§ What to produce
Return exactly the span that opens with the line containing "2025 SSR SR110-SE" and closes with the final line of the records, both included.

Records for this exercise: Begin

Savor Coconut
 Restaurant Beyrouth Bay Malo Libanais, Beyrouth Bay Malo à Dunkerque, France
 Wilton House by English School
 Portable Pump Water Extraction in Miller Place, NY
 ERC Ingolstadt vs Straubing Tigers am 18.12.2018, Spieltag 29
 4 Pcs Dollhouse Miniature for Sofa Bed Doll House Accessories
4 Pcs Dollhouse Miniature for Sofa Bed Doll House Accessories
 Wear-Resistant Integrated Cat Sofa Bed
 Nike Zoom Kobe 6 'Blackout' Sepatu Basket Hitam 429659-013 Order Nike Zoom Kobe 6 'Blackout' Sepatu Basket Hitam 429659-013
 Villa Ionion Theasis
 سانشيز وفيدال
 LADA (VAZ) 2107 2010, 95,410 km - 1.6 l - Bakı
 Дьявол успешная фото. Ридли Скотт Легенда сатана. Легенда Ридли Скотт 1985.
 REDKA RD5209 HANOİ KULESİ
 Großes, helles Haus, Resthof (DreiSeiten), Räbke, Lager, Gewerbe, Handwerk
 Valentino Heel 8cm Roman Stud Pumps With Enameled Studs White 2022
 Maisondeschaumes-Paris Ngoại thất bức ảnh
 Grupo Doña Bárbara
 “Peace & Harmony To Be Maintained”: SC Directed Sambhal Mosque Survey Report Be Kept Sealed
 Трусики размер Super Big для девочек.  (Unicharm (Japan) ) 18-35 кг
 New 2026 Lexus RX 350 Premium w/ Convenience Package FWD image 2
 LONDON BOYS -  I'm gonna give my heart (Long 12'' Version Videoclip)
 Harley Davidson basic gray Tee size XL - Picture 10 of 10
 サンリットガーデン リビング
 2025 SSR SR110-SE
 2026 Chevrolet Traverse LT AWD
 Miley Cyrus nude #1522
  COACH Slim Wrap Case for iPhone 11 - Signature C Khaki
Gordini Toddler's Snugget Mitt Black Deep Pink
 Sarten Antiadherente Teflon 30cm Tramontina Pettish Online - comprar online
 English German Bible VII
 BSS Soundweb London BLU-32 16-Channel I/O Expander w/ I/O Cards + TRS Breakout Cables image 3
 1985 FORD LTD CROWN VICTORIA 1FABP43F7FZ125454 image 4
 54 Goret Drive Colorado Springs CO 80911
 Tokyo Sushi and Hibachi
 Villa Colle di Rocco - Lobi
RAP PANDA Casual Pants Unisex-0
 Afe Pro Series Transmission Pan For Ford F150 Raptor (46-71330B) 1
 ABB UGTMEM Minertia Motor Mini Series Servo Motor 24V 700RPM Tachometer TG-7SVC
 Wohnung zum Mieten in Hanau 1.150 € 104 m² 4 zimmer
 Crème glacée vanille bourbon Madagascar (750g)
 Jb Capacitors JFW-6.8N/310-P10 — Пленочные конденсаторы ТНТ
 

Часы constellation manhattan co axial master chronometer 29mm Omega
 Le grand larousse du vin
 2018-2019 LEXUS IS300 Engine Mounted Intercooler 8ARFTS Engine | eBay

Records for this exercise: End

§ The completed task
 2025 SSR SR110-SE
 2026 Chevrolet Traverse LT AWD
 Miley Cyrus nude #1522
  COACH Slim Wrap Case for iPhone 11 - Signature C Khaki
Gordini Toddler's Snugget Mitt Black Deep Pink
 Sarten Antiadherente Teflon 30cm Tramontina Pettish Online - comprar online
 English German Bible VII
 BSS Soundweb London BLU-32 16-Channel I/O Expander w/ I/O Cards + TRS Breakout Cables image 3
 1985 FORD LTD CROWN VICTORIA 1FABP43F7FZ125454 image 4
 54 Goret Drive Colorado Springs CO 80911
 Tokyo Sushi and Hibachi
 Villa Colle di Rocco - Lobi
RAP PANDA Casual Pants Unisex-0
 Afe Pro Series Transmission Pan For Ford F150 Raptor (46-71330B) 1
 ABB UGTMEM Minertia Motor Mini Series Servo Motor 24V 700RPM Tachometer TG-7SVC
 Wohnung zum Mieten in Hanau 1.150 € 104 m² 4 zimmer
 Crème glacée vanille bourbon Madagascar (750g)
 Jb Capacitors JFW-6.8N/310-P10 — Пленочные конденсаторы ТНТ
 

Часы constellation manhattan co axial master chronometer 29mm Omega
 Le grand larousse du vin
 2018-2019 LEXUS IS300 Engine Mounted Intercooler 8ARFTS Engine | eBay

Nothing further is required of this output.